Activity: Which lines of the data include the string "fitness"? List them all.

Excerpted records:
☆ ☆ ☆ ☆
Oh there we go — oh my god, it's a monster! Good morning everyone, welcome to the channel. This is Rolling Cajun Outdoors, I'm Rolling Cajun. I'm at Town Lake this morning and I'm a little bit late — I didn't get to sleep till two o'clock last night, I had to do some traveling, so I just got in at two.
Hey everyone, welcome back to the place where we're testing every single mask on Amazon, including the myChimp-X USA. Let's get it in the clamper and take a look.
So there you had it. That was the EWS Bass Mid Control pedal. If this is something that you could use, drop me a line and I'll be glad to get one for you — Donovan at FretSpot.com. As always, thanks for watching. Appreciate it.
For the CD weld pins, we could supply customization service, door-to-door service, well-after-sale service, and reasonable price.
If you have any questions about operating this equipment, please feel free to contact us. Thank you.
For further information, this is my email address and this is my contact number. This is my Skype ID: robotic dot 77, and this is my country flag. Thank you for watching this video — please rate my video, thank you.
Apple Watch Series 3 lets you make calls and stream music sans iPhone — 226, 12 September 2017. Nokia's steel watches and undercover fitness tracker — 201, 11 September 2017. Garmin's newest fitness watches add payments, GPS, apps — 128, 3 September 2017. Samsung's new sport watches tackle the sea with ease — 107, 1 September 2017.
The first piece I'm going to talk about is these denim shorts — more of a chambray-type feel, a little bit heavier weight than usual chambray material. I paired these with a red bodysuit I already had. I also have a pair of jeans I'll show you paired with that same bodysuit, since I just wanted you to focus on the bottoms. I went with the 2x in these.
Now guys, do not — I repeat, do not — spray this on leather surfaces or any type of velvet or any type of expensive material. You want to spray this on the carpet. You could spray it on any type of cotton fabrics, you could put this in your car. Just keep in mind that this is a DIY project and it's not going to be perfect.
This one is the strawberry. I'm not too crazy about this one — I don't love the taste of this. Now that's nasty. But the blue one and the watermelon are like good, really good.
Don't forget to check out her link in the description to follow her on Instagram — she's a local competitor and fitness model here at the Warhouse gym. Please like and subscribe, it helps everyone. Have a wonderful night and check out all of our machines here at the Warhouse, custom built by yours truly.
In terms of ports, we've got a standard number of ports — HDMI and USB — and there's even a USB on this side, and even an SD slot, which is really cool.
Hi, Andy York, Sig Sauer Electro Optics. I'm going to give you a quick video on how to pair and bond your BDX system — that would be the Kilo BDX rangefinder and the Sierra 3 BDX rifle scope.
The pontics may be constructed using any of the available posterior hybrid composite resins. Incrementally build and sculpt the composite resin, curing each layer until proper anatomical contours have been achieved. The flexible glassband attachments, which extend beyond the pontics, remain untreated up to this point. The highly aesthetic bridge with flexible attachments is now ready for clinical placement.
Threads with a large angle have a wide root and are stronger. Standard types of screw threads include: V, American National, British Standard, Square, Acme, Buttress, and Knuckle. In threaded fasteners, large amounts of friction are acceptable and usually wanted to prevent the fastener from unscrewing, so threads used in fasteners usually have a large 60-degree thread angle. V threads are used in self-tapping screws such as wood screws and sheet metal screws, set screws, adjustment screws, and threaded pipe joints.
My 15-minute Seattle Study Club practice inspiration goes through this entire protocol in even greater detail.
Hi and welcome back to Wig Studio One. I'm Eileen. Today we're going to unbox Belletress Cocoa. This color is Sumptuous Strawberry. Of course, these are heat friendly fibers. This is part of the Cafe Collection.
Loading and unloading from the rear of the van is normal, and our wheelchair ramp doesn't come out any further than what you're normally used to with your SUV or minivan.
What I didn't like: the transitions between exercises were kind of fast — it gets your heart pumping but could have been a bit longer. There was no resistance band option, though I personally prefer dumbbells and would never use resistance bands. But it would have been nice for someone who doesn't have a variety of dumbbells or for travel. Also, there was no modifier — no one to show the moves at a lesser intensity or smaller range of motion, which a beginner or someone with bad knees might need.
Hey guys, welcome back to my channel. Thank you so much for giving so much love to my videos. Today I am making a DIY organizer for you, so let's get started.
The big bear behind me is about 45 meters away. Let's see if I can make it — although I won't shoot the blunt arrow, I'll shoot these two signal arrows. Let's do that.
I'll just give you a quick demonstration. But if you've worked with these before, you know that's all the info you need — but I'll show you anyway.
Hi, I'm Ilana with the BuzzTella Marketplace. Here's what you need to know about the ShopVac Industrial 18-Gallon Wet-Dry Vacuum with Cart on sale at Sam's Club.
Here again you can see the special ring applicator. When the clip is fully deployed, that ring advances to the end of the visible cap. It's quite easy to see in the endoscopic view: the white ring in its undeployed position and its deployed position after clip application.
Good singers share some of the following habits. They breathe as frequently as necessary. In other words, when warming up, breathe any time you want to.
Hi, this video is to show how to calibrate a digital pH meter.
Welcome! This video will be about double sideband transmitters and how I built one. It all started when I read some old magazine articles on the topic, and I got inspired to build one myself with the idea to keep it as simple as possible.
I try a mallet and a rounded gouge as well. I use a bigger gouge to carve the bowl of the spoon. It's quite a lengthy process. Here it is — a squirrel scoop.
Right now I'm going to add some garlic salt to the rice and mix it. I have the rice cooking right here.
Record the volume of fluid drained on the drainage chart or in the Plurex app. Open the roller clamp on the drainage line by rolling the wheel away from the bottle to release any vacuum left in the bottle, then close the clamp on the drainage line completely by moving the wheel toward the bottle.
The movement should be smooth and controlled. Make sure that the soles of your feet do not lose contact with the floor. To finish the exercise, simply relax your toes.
☆ ☆ ☆ ☆
Task solution:
Apple Watch Series 3 lets you make calls and stream music sans iPhone — 226, 12 September 2017. Nokia's steel watches and undercover fitness tracker — 201, 11 September 2017. Garmin's newest fitness watches add payments, GPS, apps — 128, 3 September 2017. Samsung's new sport watches tackle the sea with ease — 107, 1 September 2017.
Don't forget to check out her link in the description to follow her on Instagram — she's a local competitor and fitness model here at the Warhouse gym. Please like and subscribe, it helps everyone. Have a wonderful night and check out all of our machines here at the Warhouse, custom built by yours truly.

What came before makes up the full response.